I know there is a theorem saying if $f$ defined on $[a,b]$ is of bounded variation, then it is differentiable on $(a,b)$ a.e and $f'$ is integrable over $[a,b]$.
I wonder whether the converse is true, say, if $f$ defined on $[a,b]$ is differentiable on $(a,b)$ a.e and $f'$ is integrable, must $f$ have bounded variation?
In fact, I run into such concrete question:
$$
f=x^\alpha \text{sin}\left(\frac{1}{x^\beta}\right) \text{ for $x\in(0,1]$}
$$
and $f(0)=0$.
The hint says that we can prove that when $\alpha > \beta$, $f$ is of bounded variation by showing $f'$ is integrable.
So here comes my question above, is such argument true?
Best Answer
We know, under the conditions in your problem, that the total variation of $f$ is given by $$V_a^b(f)=\int_a^b|f'(x)|dx$$ and since you're given $f'$ integrable then yes: $f$ is of b.v.

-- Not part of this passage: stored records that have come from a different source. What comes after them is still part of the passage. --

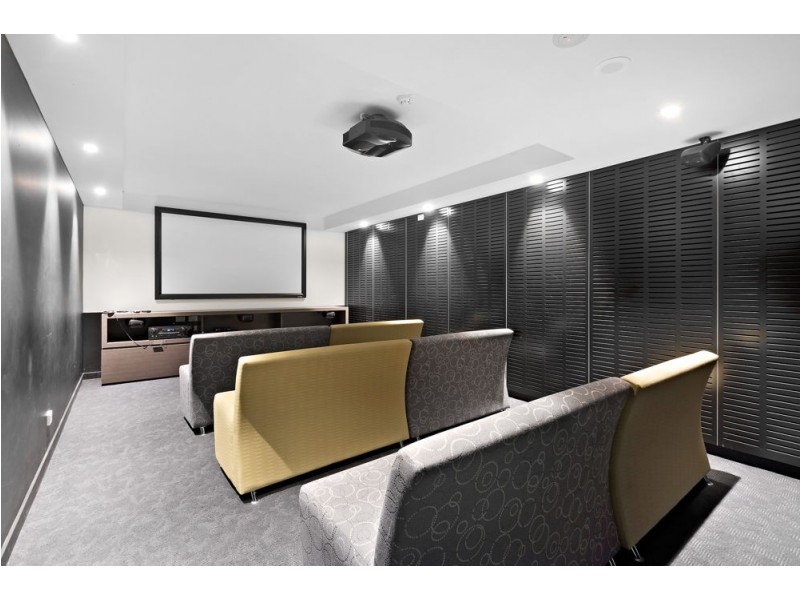 302/8 Jeays Street, Bowen Hills QLD 4006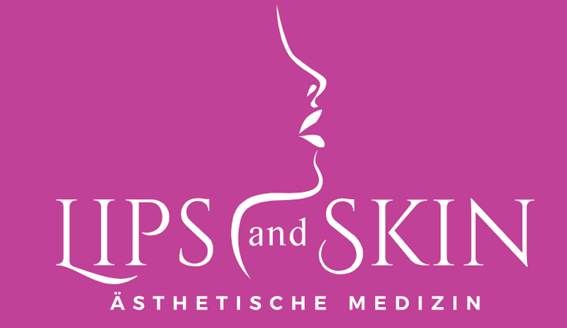 LIPPEN und HAUT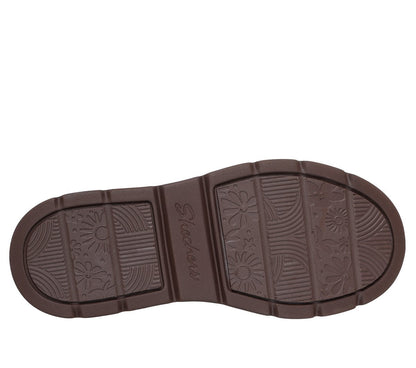 Slip-ins: Keepsakes Cozy - Cozy Mini Floral Shoes | Women Skechers for sale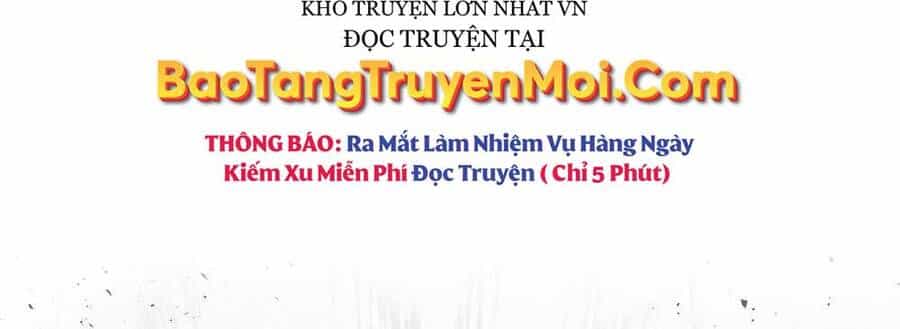 Giang Hồ Thực Thi Công Lý - Chương 8 - ảnh 284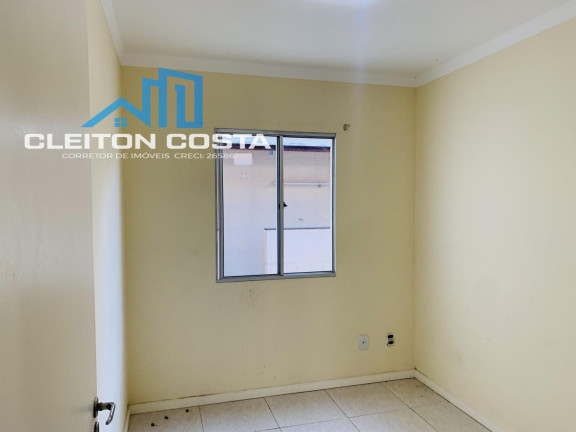 Imagem Casa com 2 Quartos à Venda, 150 m² em Parque Ipê - Feira De Santana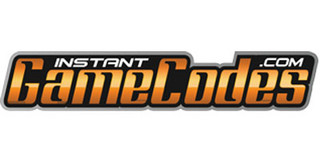 INSTANT Game Codes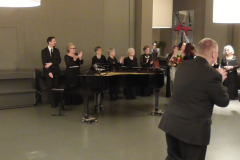 IMG-20241218-WA0008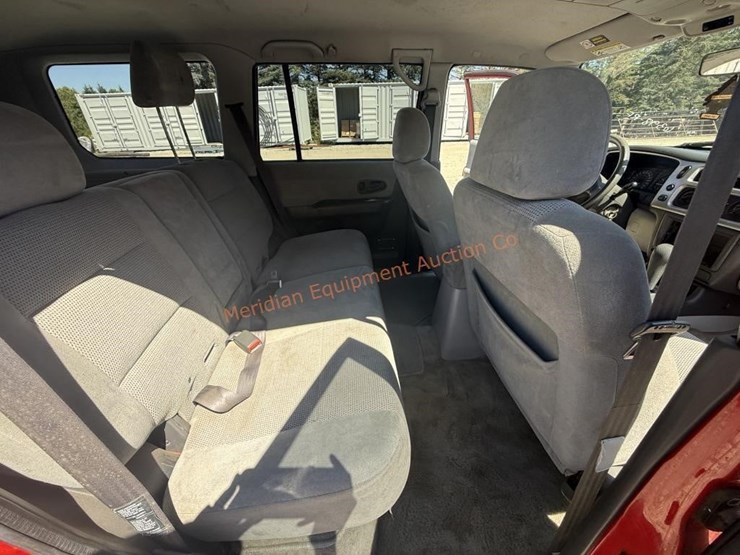 2001-mitsubishi-montero-sport-image-34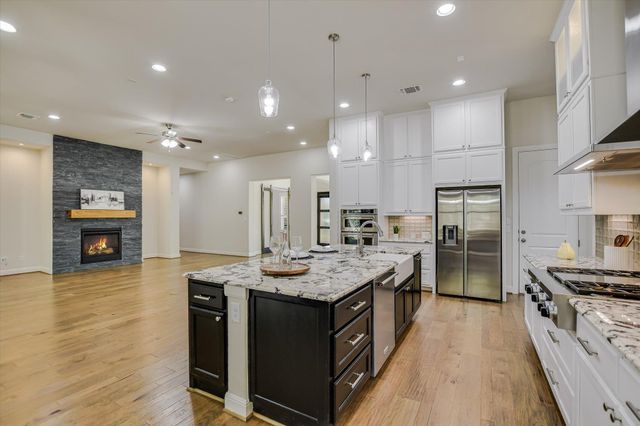 2640 Council Springs PASS, Leander, TX 78641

Added to the OP's request:
1) Under the condition of your question, in any subinterval $\,[\alpha,\beta]\subset [a,b]\,$, we have that for some $\,c\in (\alpha,\beta)\,,\,f(\beta)-f(\alpha)=f'(c)(\beta-\alpha)$
2) If $\,\mathcal P:=\{a=x_1<x_2<...<x_{n_p}=b\}\,$ is a partition of $\,[a,b]\,$, then the total variation of $f$ on this interval is defined to be $$V_a^b(f):=\sup_{\mathcal P}\sum_{k=1}^{n_p-1}\left|f(x_{i+1}-f(x_i)\right|$$
3) Can you see now from where the integral of $f'$ comes?